Ketika Goenawan Mohamad Anti Islamisme

Di negeri kita, Partai Islam Masyumi pernah berjaya meraih nomor dua dalam pemilu 1955. Tapi karena Presiden Soekarno terlalu dekat dengan komunis, maka pada tahun 1960 Masyumi dibubarkan. Masyumi direhabilitasi tahun 1967, tapi tokoh-tokohnya tidak boleh berpolitik di masa Presiden Soeharto.

Jadi pengalaman di banyak negara, dan khususnya negeri kita, gerakan Islam politik senantiasa melakukan gerakan dengan damai (gerakan PRRI dan DI/TII timbul karena presiden terlalu dekat dengan komunis dan kekosongan pemerintahan saat itu). Malahan, sejarah dunia mencatat, Islam masuk dan mewarnai Nusantara ini abad ke-7 dengan damai.

Gerakan kekerasan, biasanya timbul, karena musuh-musuh Islam yang memulai.
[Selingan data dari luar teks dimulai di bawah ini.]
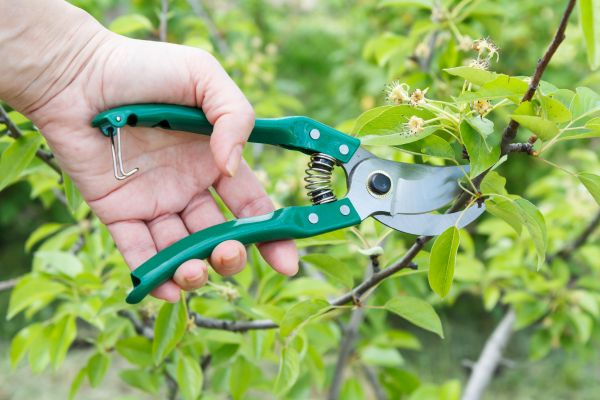 Pear Tree Pruning in Payson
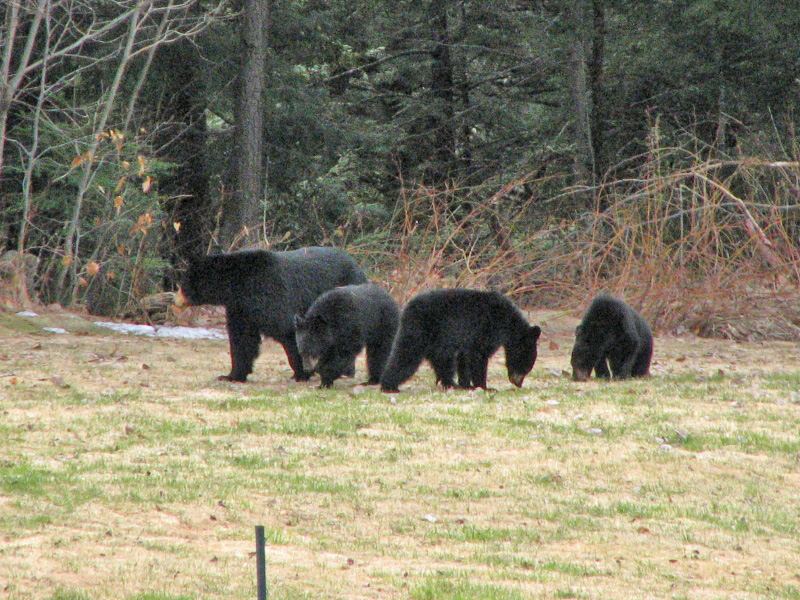 Mama Bear & Grown Cubs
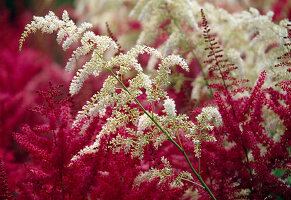 White and pink blossoms of Astilbe (daisy)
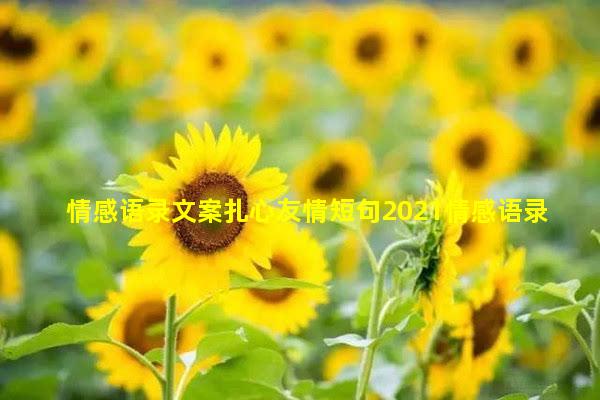 情感语录文案扎心友情短句2021情感语录经典短句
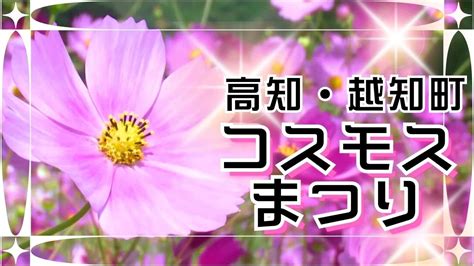 「150万本のコスモス満開！秋風に揺れる」こうちeye20231012放送 Youtube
Seperti ketika Belanda dan Portugis datang ke tanah air, melakukan penjajahan dan tindak kekerasan, sehingga tampil pahlawan-pahlawan Islam dari seluruh pelosok tanah air.

Dalam politik, memang seringkali terjadi adu argumentasi, adu gagasan bahkan kadang adu kekuatan dan seterusnya. Beda dengan dunia tasawuf, yang cenderung ‘manusia bersepakat’.
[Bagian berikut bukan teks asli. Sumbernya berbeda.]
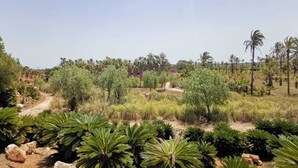 A desert garden with various plants and trees, a dirt path, and a clear sky. - Can Xesquet - Villa With Private Pool. Free Wifi (Ses Salines, Illes Balears)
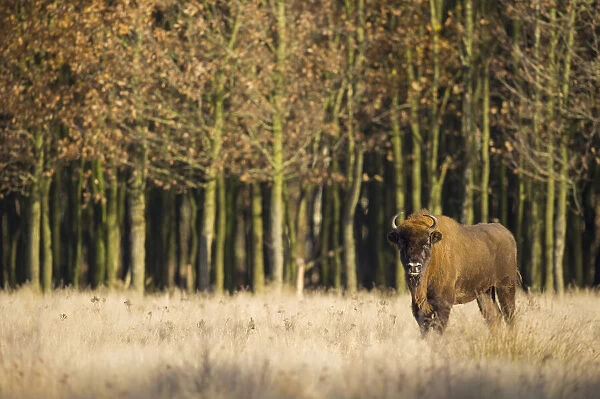 European Bison in front off autumn forest, The Mshorst, The Netherlands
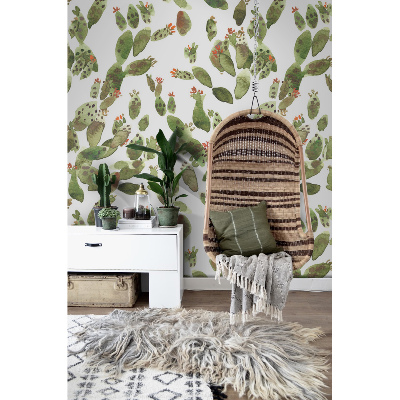 Fotobehang Delicate Cactussen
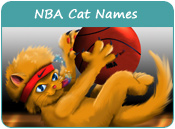 NBA Cat Names
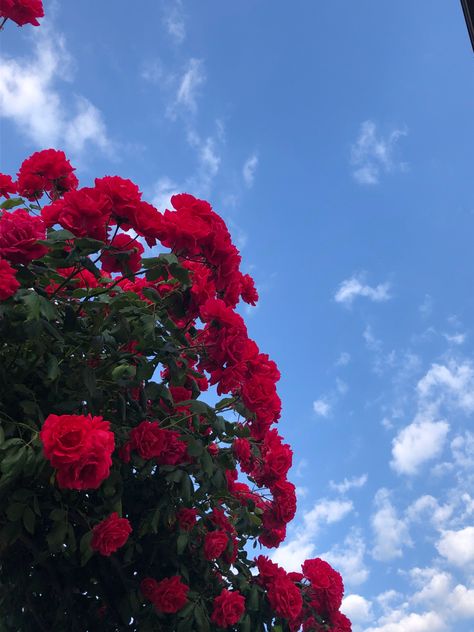 #roses #fashion #aesthetic #rosesaesthetic #sky Rose Aesthetic Pics, Rose Pics Flowers, Rose Aethstetic, Rose Flower Aesthetic Red, Roses Aesthetic Red, Red Sky Aesthetic, Flower Profile Picture, Aesthetic Red Rose, Red Flowers Aesthetic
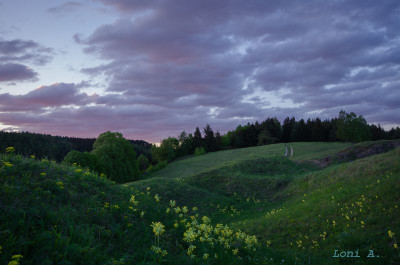 Ritterstein.Primula2.jpg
Dalam politik, kaum non-muslim biasanya menyatu dengan kaum sekuler (Muslim) untuk mengegolkan pemikiran-pemikirannya agar mewujud dalam kebijakan negara. Begitu pula kaum Muslim akan berusaha sekuat tenaga mewujudkan gagasan-gagasan Islaminya. Di sinilah benturan itu terjadi.

Maka menyadari kenyataan ini, politisi-politisi Islam sejak kemerdekaan 1945 sepakat menempuh jalur demokrasi dalam perjuangannya. Mayoritas tokoh-tokoh Islam dan ormas-ormas Islam saat itu, dua bulan setelah merdeka (November 1945) sepakat membentuk Partai Islam Masyumi. Mereka sadar bahwa di masyarakat Indonesia yang majemuk ini, ada kekuatan-kekuatan minoritas –yang didukung asing- yang tidak bisa diremehkan kekuatannya.

Walhasil, bila Islamisme atau gerakan Islam politik ini dihilangkan di tanah air, maka non Muslim dan kaum sekuler akan menguasai seluruh sektor di negeri ini. Setelah sebelumnya mereka menguasai sektor ekonomi, budaya, media massa dan lain-lain.

Dan itulah tampaknya yang diinginkan Barat dan cendekiawan pembebeknya. Entah mengapa Haidar Bagir dan Jalaluddin Rahmat ikut-ikutan mengampanyekannya. Mungkin karena mereka berdua sepakat bahwa faham pluralisme agama itu benar adanya. Wallahu a’lam.

Sihir ‘pemikiran Barat’, memang menyilaukan mata dan pikiran.

Kita mungkin sepakat bila dinyatakan bahwa Islam menyiratkan nilai-nilai politis tertentu namun tidak mensyaratkan suatu tata pemerintahan khusus. Tapi bila dinyatakan Islam tidak berurusan dengan politik (Islam Politik/Islamisme dalam pengertian ini), maka itu menyalahi ijmak ulama yang saleh.